O radicalismo ou sectarismo do discurso não se torna o ingrediente fundamental do espectáculo, ainda assim, em parte pela dificuldade por parte do público em compreender excertos significativos das palavras ditas, em parte pelo distanciamento cultural que diferencia e/ou contextualiza de forma imediata alguma retórica e demagogia radical e sectária que nos é estranha da retórica e demagogia radical e sectária que nos é servida quotidianamente nos nossos palcos políticos e sociais e que não aceitaríamos como objecto de arte.

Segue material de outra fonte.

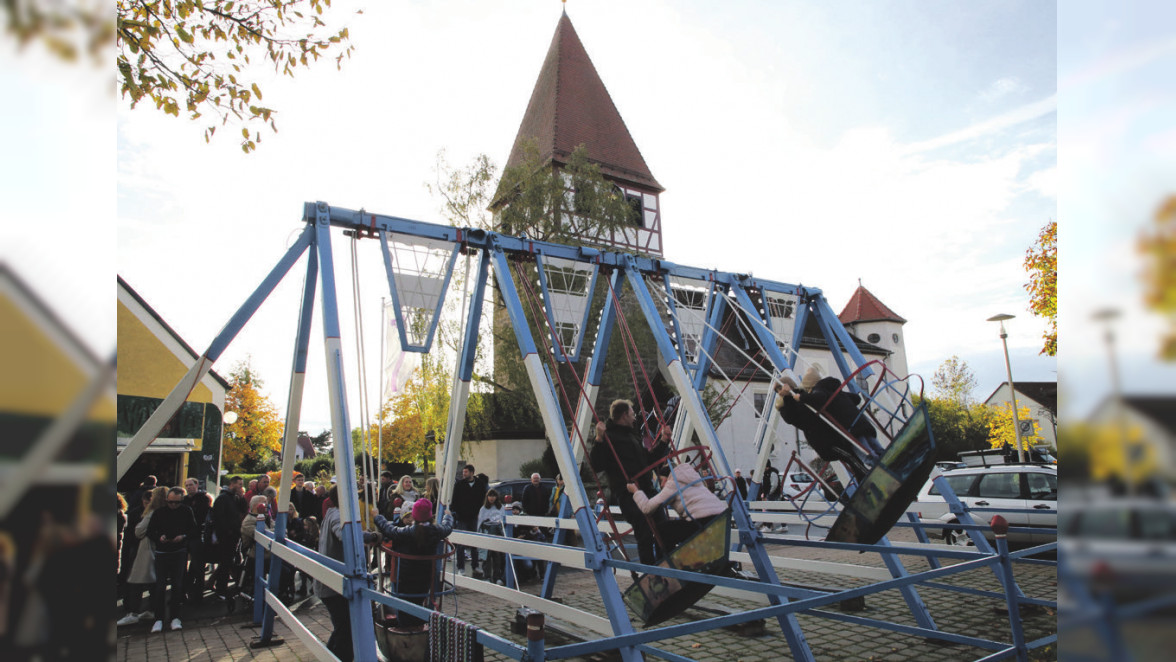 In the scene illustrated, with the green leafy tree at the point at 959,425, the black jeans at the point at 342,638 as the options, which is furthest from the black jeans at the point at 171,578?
the green leafy tree at the point at 959,425

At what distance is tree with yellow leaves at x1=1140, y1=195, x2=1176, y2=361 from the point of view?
1.44 ft

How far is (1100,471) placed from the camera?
0.48m

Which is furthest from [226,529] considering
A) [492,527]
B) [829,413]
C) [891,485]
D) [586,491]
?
[891,485]

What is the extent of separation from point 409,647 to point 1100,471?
562cm

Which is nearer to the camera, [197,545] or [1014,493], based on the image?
[197,545]

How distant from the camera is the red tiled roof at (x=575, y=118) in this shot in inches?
1313

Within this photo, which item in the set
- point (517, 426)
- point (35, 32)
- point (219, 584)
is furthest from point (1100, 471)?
point (517, 426)

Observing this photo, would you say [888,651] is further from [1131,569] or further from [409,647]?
[1131,569]

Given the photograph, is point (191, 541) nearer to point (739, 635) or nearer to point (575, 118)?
point (739, 635)

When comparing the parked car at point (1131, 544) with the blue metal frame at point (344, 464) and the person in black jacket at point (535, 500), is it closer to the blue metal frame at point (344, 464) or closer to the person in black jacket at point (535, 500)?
the blue metal frame at point (344, 464)

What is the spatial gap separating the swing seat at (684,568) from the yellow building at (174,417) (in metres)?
9.85

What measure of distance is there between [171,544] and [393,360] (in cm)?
364

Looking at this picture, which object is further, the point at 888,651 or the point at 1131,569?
the point at 888,651

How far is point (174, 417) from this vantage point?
16.1 meters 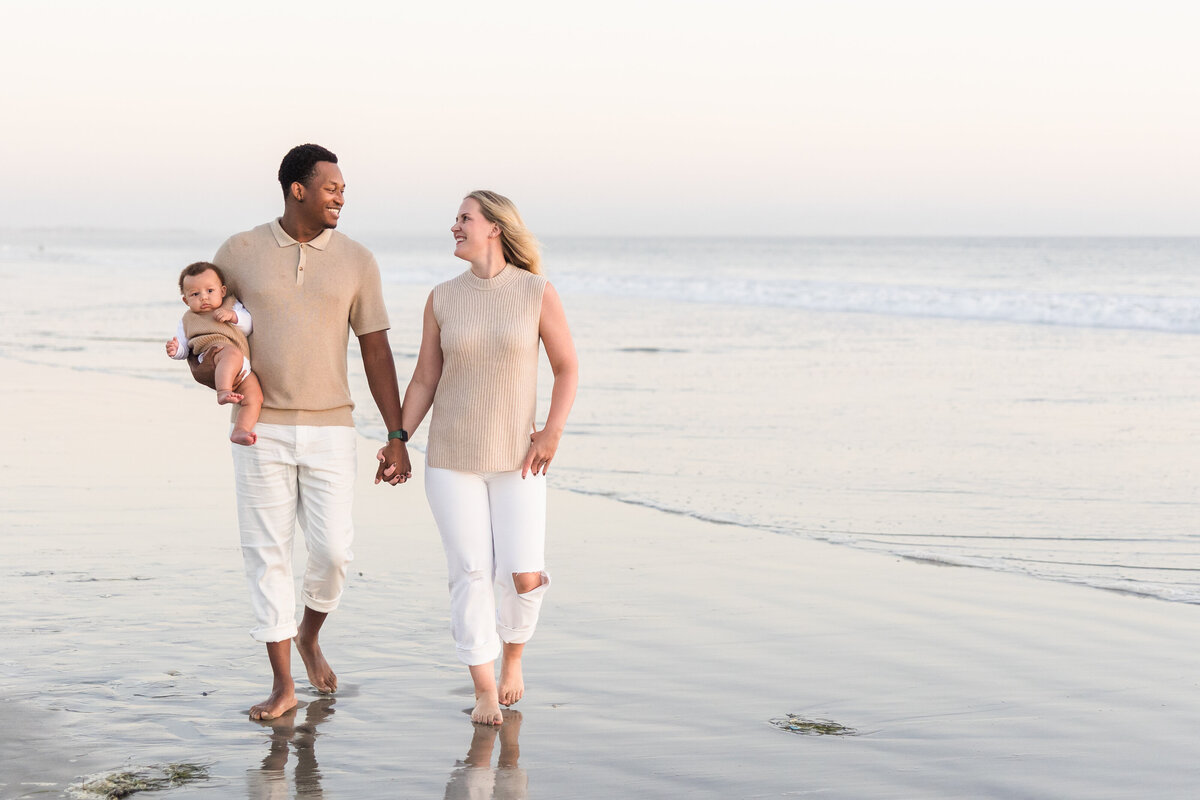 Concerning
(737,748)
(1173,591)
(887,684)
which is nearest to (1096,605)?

Não é, obviamente, indiferente a intervenção musical na qual as palavras do corajoso Amiri Baraka, de 75 anos, são incluídas: o vasto ensemble reunido por William Parker, navega habilmente por territórios familiares de malhas R&B e Soul, com riff de metais e madeiras, e coros cantados com eficácia e alma por Leena Conquest, sobre os quais se procedem ora a solos intencionalmente tensos, principalmente de Sabir Mateen, mas também do próprio Parker e de Dave Burrell, ora a desenvolvimentos mais convencionais, com movimentos entre ambientes mais “espirituais” e mais “festivos”, numa narrativa escrupulosamente montada para potenciar uma experiência completa.
As introduções a solo de William Parker, mas também de Sabir Mateen, Dave Burrell ou Hamid Drake, criam momentos em que se descobrem as tais canções interiores nas estruturas de Mayfield e o duo de Sabir Mateen com Amiri Baraka foi um momento de enorme intensidade musical e emocional. Já o duo de Leena Conquest, que genericamente, nos pareceu demasiado activa e pouco eficaz, com Hamid Drake, a altíssimo nível, foi menos interessante, tendo outros momentos instrumentais com ensemble reduzido produzido efeitos mais espectaculares.
O concerto foi, assim, um momento poderosíssimo, quer musicalmente, quer politicamente. Em termos políticos terá parecido mais anacrónico que em termos musicais, eventualmente, pela perenidade inevitável de toda e qualquer retórica radicalizada e sectária, mas, também por isso, foi um momento de afirmação de coragem que convém salientar.
Assim se fazem, também, as revoluções e as suas comemorações.